Short text fragments from websites:
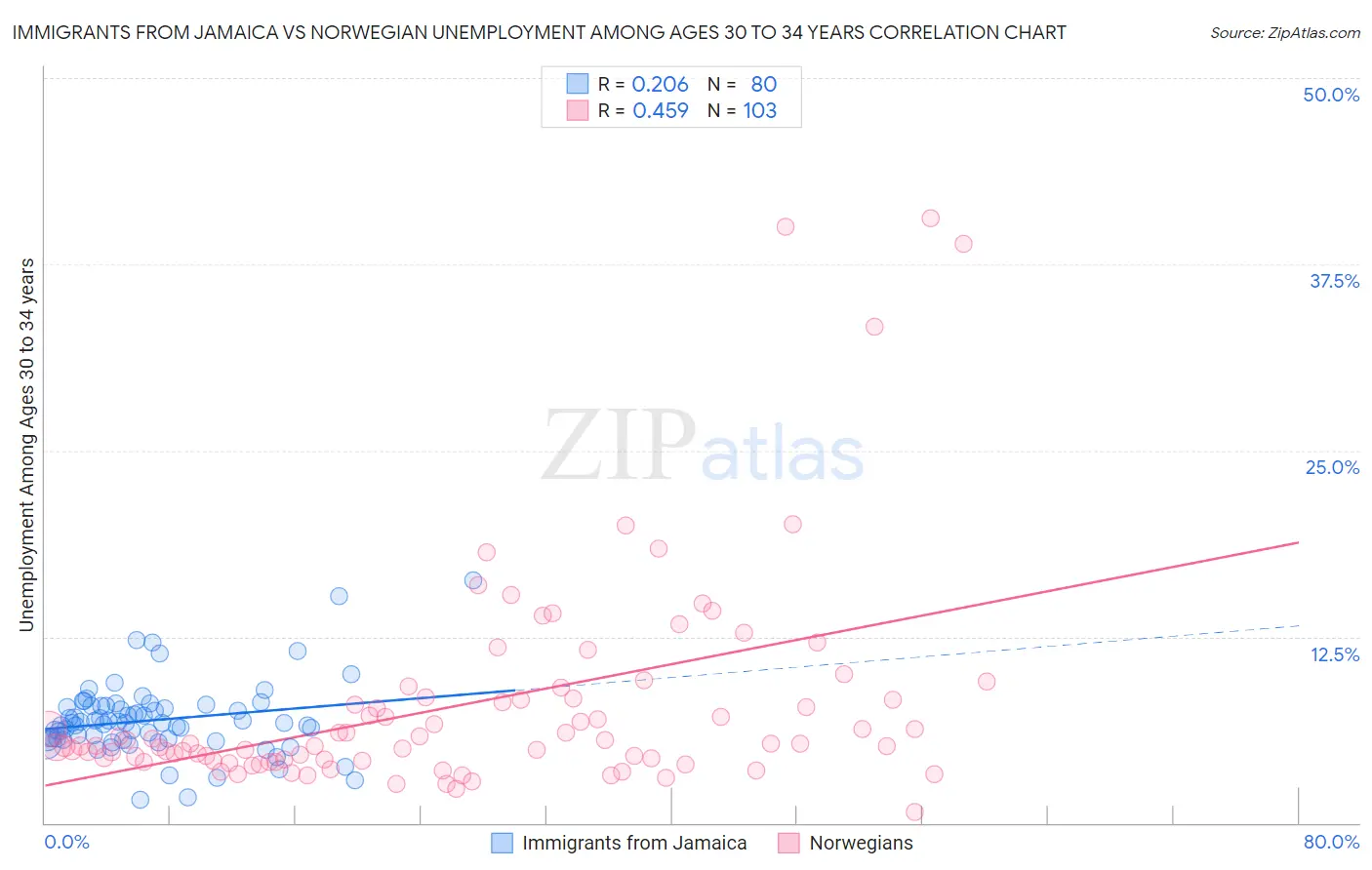 Immigrants from Jamaica vs Norwegian Unemployment Among Ages 30 to 34 years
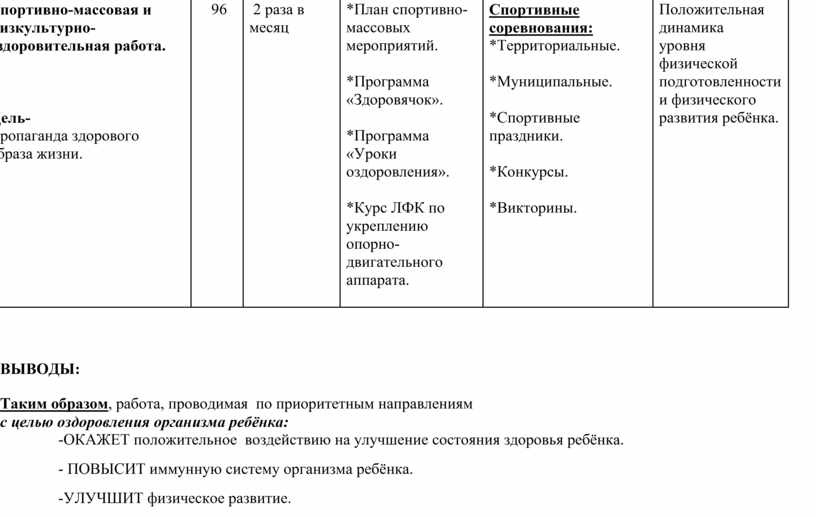 Индивидуальный маршрут ребенка в дополнительном образовании. Индивидуальный маршрут по подготовке к ГИА.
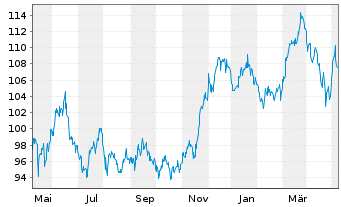 Chart London Stock Exchange GroupPLC - 1 an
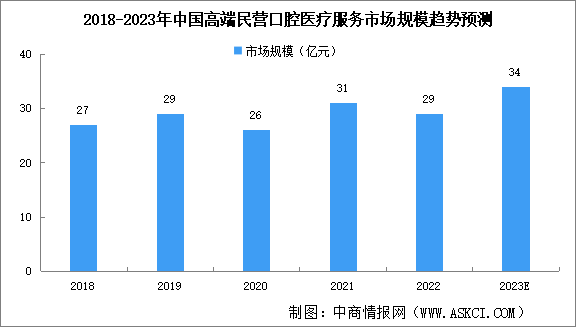 2023年中国民营口腔医疗市场规模及细分行业市场规模预测分析（图）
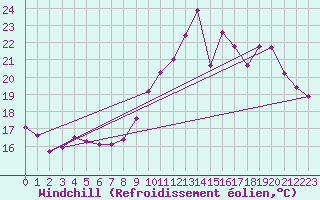 Courbe du refroidissement olien pour Petiville (76)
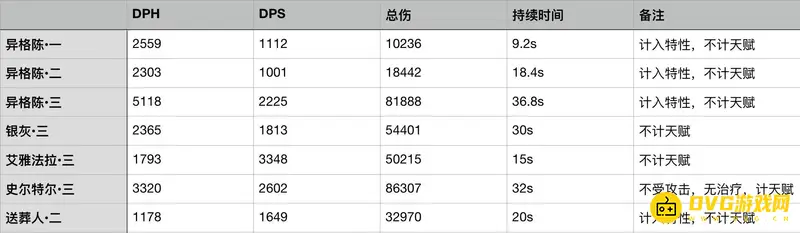 《明日方舟》水陈全面解析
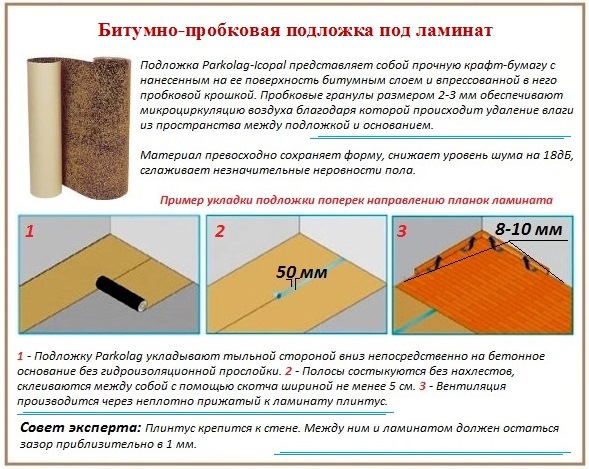 подложка под пол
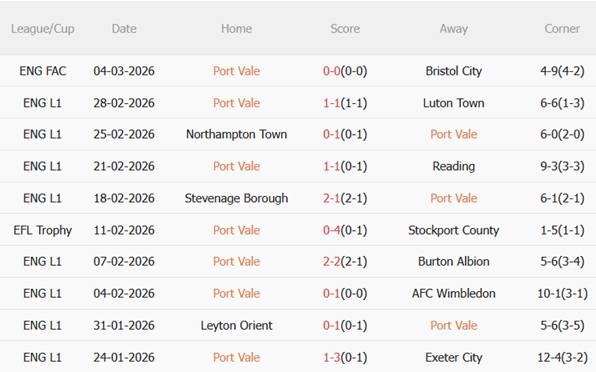 Nhận định Port Vale vs Sunderland 20h30 ngày 83 (FA Cup 202526) 4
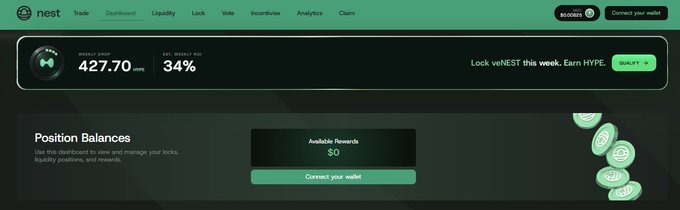 The image shows a Nest dashboard highlighting the current HYPE Engine epoch with 427.70 $HYPE and a 34% reward percentage, alongside a prompt to connect a wallet to view position balances. It visually reinforces the post's announcement about this week's reward distribution and weekly ROI for veNEST lockers.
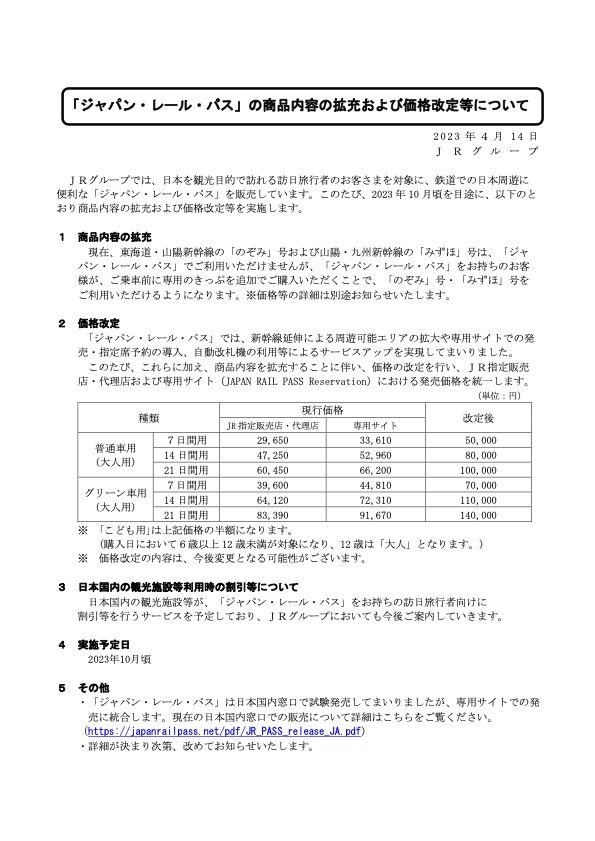 ▲▼JR PASS今年10月漲價。（圖／翻攝自JR PASS官網）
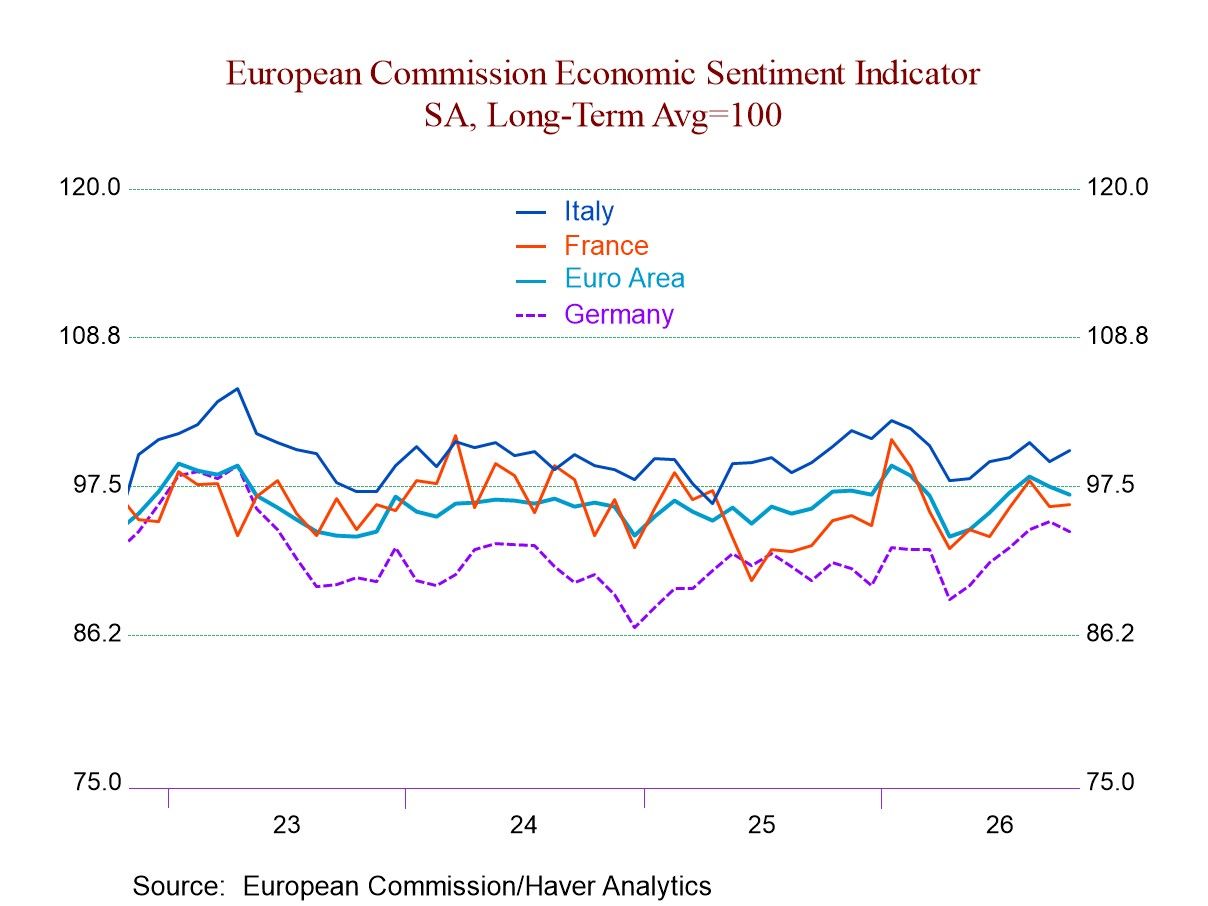 EU Indexes Show EMU Weaker in October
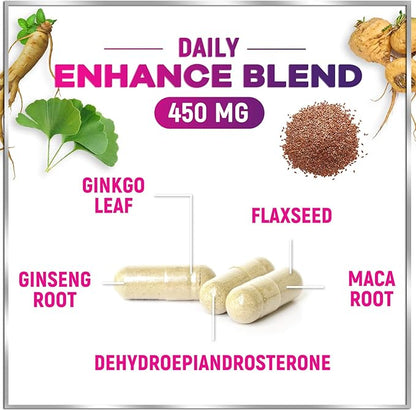 Hello Lovely! Menopause Supplements - 8 Billion CFU Menopause Probiotics for Women, Hot Flash & Night Sweats Support, Menopause Relief Probiotic for Vaginal, Digestive & Immune Support - 120 Capsules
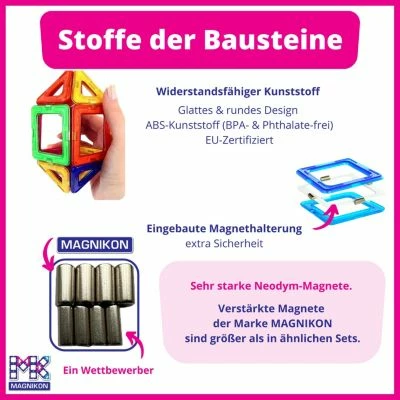 MAGNIKON Magnetische Bausteine "Fahrgestell", Ergänzungsset, Zusatzteile Mit Standardgröße Kombinierbar 7 MAGNIKON Magnetische Bausteine "Fahrgestell", Ergänzungsset, Zusatzteile Mit Standardgröße Kombinierbar – Bild 5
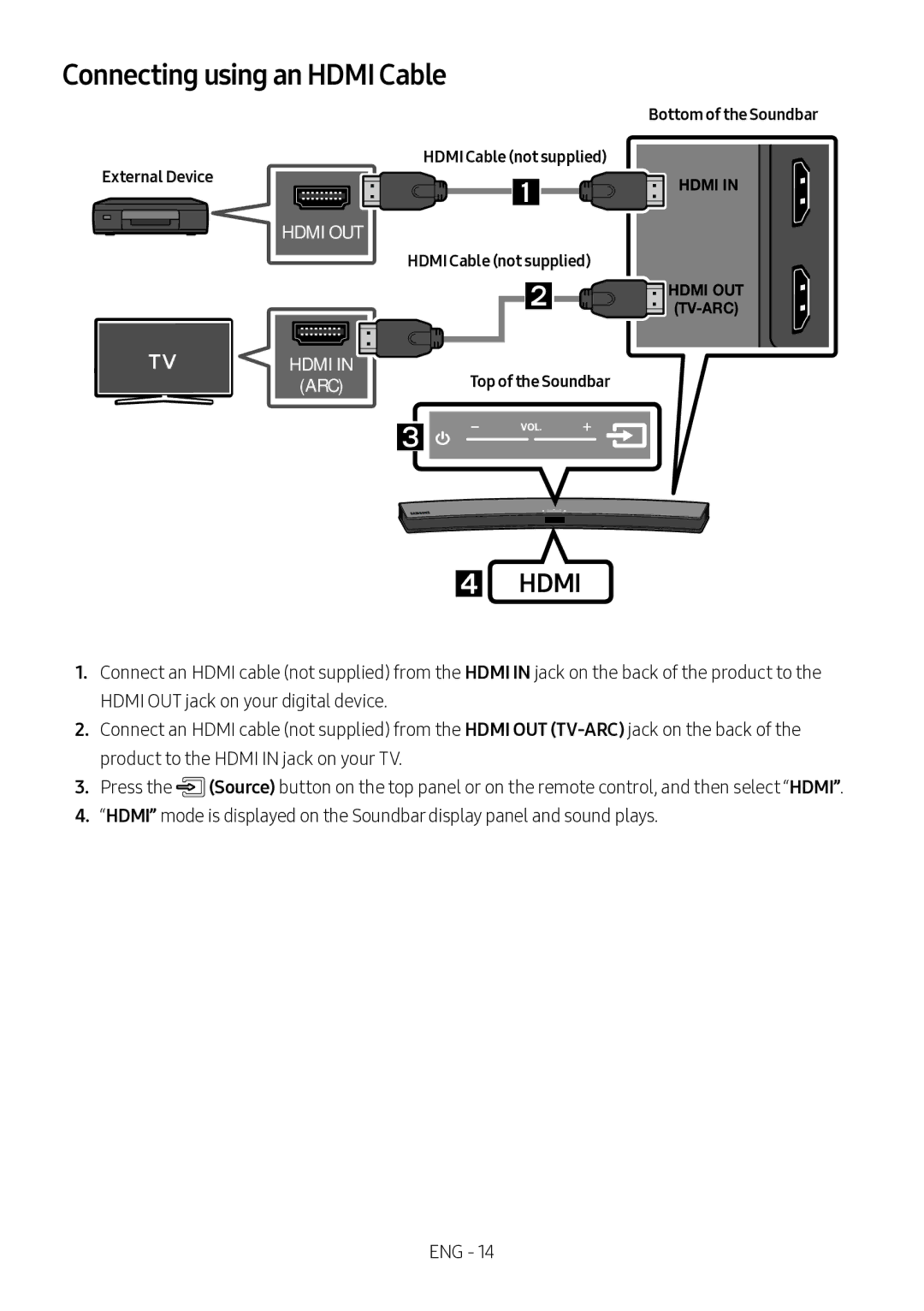 Samsung HW-M4500/XV manual Connecting using an Hdmi Cable, External Device 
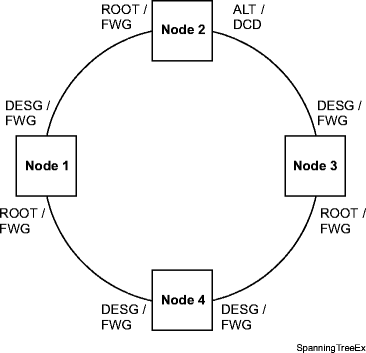 View the figure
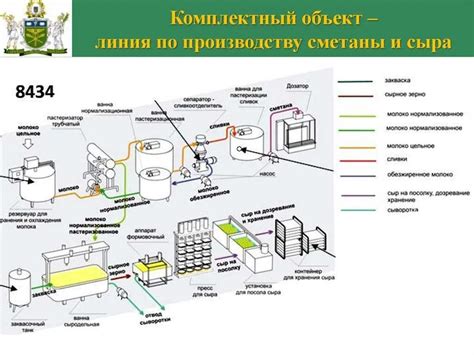 Процесс производства твердых сычужных сыров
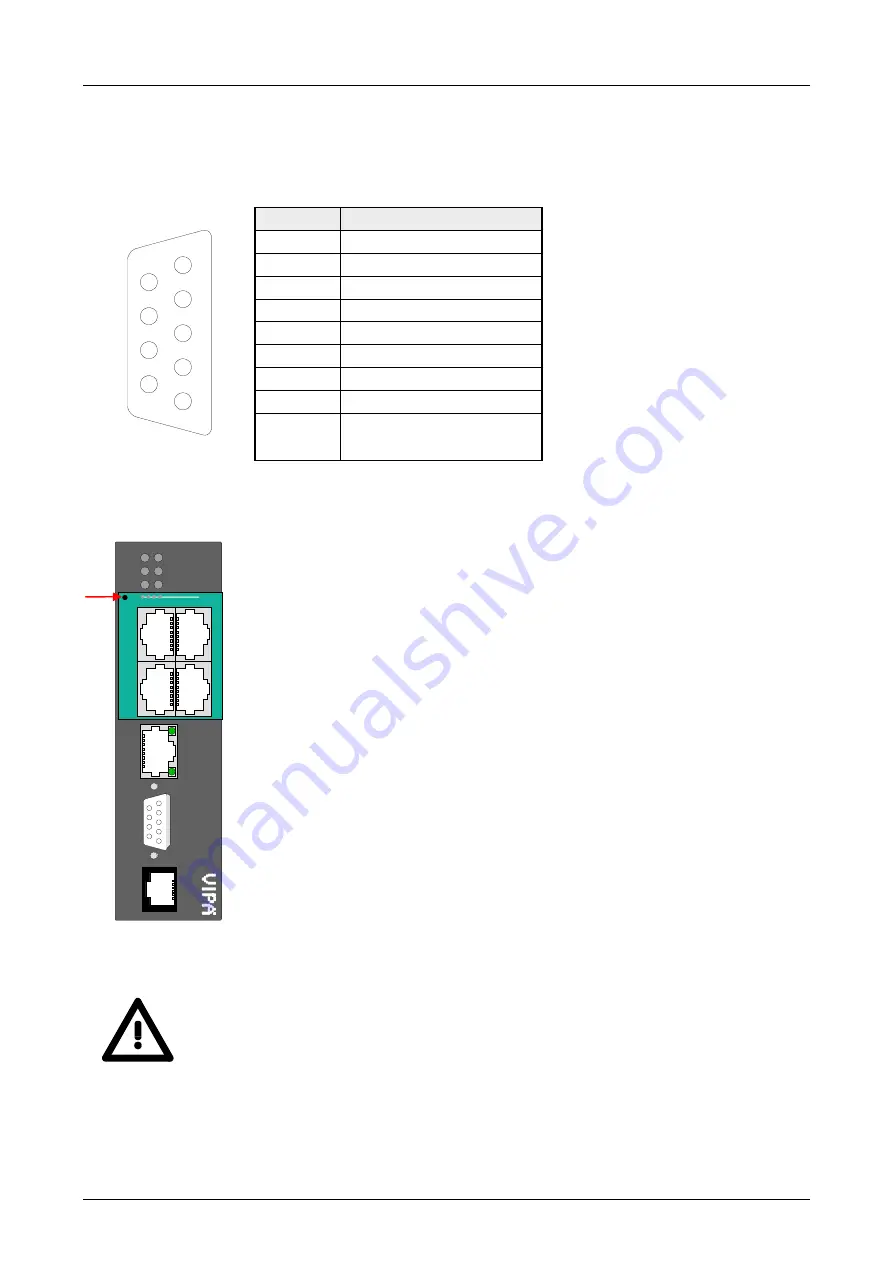 VIPA 900-2H611 Скачать руководство пользователя страница 24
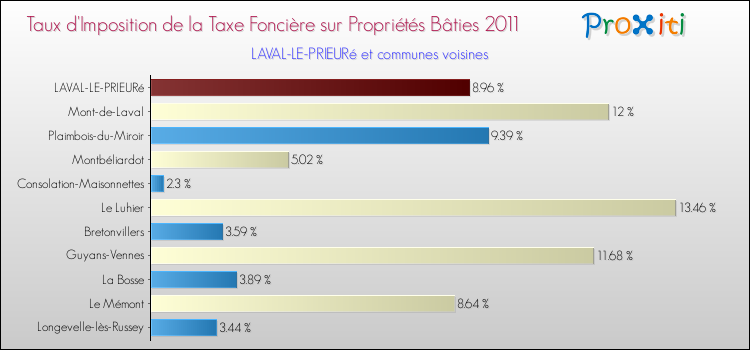 Taux d'imposition de la taxe foncière sur le bati 2011 pour LAVAL-LE-PRIEURé et les communes proches Comparaison des taux d'imposition de la taxe foncière sur le bati 2011 pour LAVAL-LE-PRIEURé et les communes voisines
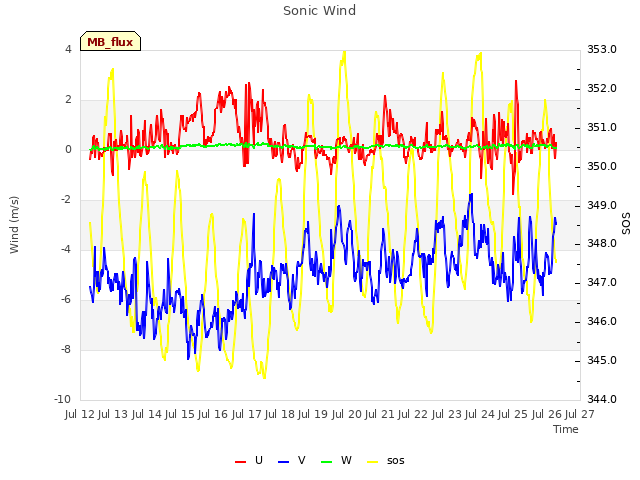 plot of Sonic Wind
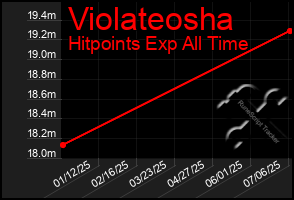 Total Graph of Violateosha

## Task item
Take the lines from the start of the entries through the line containing "Nhận định Port" and set them down exactly, leaving out every picture.

## Task result
 Immigrants from Jamaica vs Norwegian Unemployment Among Ages 30 to 34 years
 Индивидуальный маршрут ребенка в дополнительном образовании. Индивидуальный маршрут по подготовке к ГИА.
 Chart London Stock Exchange GroupPLC - 1 an
 2023年中国民营口腔医疗市场规模及细分行业市场规模预测分析（图）
 Courbe du refroidissement olien pour Petiville (76)
 《明日方舟》水陈全面解析
 подложка под пол
 Nhận định Port Vale vs Sunderland 20h30 ngày 83 (FA Cup 202526) 4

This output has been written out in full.